Produção do Tempo - Nono Dia

Imagino, possivelmente não é real, ou há uma osmose quase perfeita entre os dois planos. Aliás, é sempre assim.

Uma estrada como um vale alcatroado. A margem direita perde-se num espelho sombreado. Um rio, ou o mar, um espelho. O dia apresenta-se nublado e aquela superfície confunde-se com o céu. Existe como uma máscara de névoa. Com algum esforço, aquela superfície talvez seja a margem de outra estrada.

A margem esquerda está invisível. Ali, na paisagem global, mas invisível. Imagino uma margem invisível. E, no entanto, há uma sombra azul sobre a estrada, a sombra dessa margem invisível.

Uma relva imperfeita é a orla do alcatrão. Árvores esguias pontuadas assimetricamente, como se um sentido houvesse para perceber uma intenção. Procuro o significado, encontro o meu próprio significado daquele silêncio verde num dia nublado. Olhei as árvores, a sua composição aleatória, a presença breve do que passou breve para quem passa. Porque uma estrada, como esta, é um lugar que se passa, como uma palavra dita, um som que não se repete, um fundo mais fundo que se afasta. Olho para trás de mim que passo, pela estrada. O fundo que se afasta. Mil vezes se. A estrada que passa. Olho para o fundo da estrada que foi, olho para o fundo para não sentir saudade.

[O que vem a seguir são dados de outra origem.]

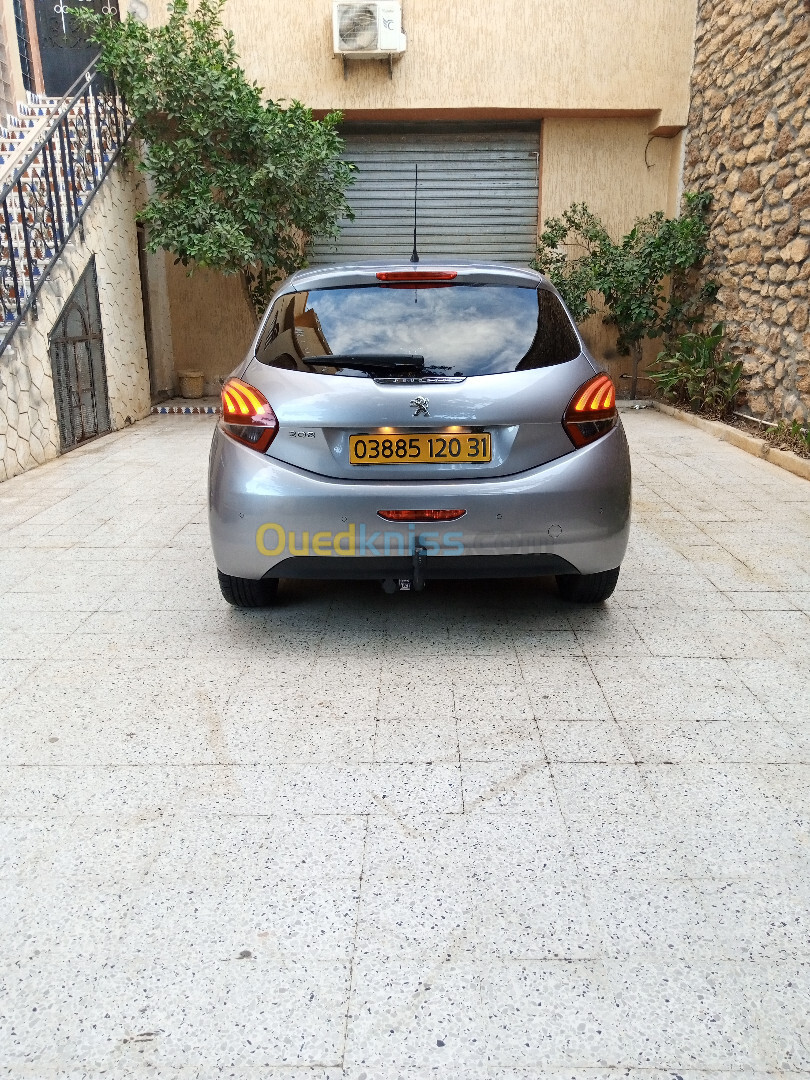 Peugeot 208 2020 Allure Facelift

Ao longe onde estarei. Mais ao longe. Uma placa indica uma localidade. A distância a percorrer para chegar a esse destino. Um destino que se aproxima menos distante. Menos distante quando acelero, as árvores mais breves, mais rápido o vento, as margens, o próprio dia nublado cumprindo o dia. Sempre em linha recta ou quase. Agora a luz da noite. Luzes dispersas para além das margens. A do rio ou do mar. Um espelho de névoa gravado por sombras. E mesmo a outra margem invisível reflecte luzes de lugares possíveis. Todos os lugares possíveis onde nunca irei. Outras placas, outras estradas, alguém que passa anónimo, outras sombras num dia enevoado e as árvores e o mar e o rio estarão como sempre na sua posição eterna.

Descrevo-te uma estrada como um vale alcatroado. Não sei se imagino, as margens invisíveis e visíveis talvez existam, talvez exista muito mais do que posso imaginar, um destino onde se chega para partir. Uma placa indica uma cidade. Muito mais do que posso imaginar ficou para trás, ao fundo do que passa. Esta realidade entre dois planos, o que sei descrever e o que está suspenso – nem sei – para ser descrito. Muitas placas para nos indicar a realidade, nomes que nos orientam entre o caos. Talvez exista muito mais do que posso imaginar ou nomear. Descrevo apenas a partir do que tenho, as palavras.

Descrevo-te uma estrada por onde passei – nem sei. Num dia enevoado, correndo para atravessar a noite até um destino que passa.

Descrevo-te uma estrada – para começar.

Descreve-me personagens que pudessem ter sido.

Descreve-me personagens que pudessem ter sido eu - para começar.